I have used clumping for years. When Gizmo developed allergies, the vet suggested switching because his skin was coming in contact with it and that may be the reason. Went to several different "natural" litters but that apparently was not the cause. Went back to the clumping clay. We clean litter twice daily and have no smell problems.


----------



## howsefrau32 (Mar 6, 2013)

I personally don't like the gravel kind, I need the ones that take away the pee smell. I do like feline pine, which is great if you only have a single cat, but not the best if you have more than one. I use it for my feral when she sleeps in the garage all winter, and I love it. So easy, and you have to only use a few inches of it at a time. 

But I have 4 litter boxes, and 4 cats inside. My goal is to keep the boxes as close to immaculate as I can. I love the clumping ability of Scoop Away, I think it is the best, but it is very, very dusty. It does settle after you pour it, but when you initially pour it, you almost need a dust mask. It works great though. I put all 35 pounds of the box of 2 that I buy in one of the large, rubbermaid containers I use for a litterbox, and as long as you keep it 4-5 inches deep and scoop it daily, you can go a long time without having to completely clean it out. I do wipe the sides down once a week though. I don't have a lid, my cats jump in and out of it just fine. I have 3 boxes like that. 

I do like World's Best Cat Litter, which is great if you only have 1 or 2 cats, I think it would work great, but for multiple cats, I think it gets gross pretty quickly. 

Arm and Hammer is great also, and usually cheaper than some of the others. Tidy Cat is also really good. Those are the go to ones that I usually buy.
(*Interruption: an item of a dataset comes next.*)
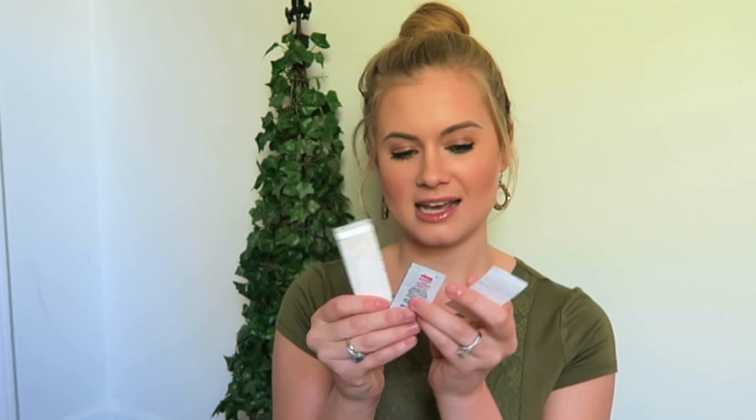I have a band-aid, Blistex, and a little floss pick just in case. I also have a little breath mint for keeping my breath fresh, and a ponytail holder in case I want to put my hair up during the reception. I have some safety pins for anything that could go wrong, and last, I have some bobby pins for any little hair fixes that need to happen.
I did have a Breeze litter box, and it was great. It uses plastic pellets that last a month and the urine is caught on a super absorbent pad that you change weekly. There is no litter tracking, which is awesome. I loved it and was able to get my cats to use it, but they preferred the ones with clumping litter and would pick it over the Breeze, so I stopped using it. But the concept is great, and if you only have 1 cat, it would be my pick. If you are super picky and hate litter tracking, it is a great choice.


----------



## MowMow (Nov 6, 2010)

Arm & Hammer clumping.

Keep trying other brands and always come back to A&H.


----------



## ttilmo (Oct 31, 2007)

Anyone use a disposable litter tray?

I have a Friend who uses one as she hates scooping poop etc and all she has to do is to remove a layer of litter every four days which is in a bag and get rid of the whole lot. Then there is another layer of litter in another bag underneath.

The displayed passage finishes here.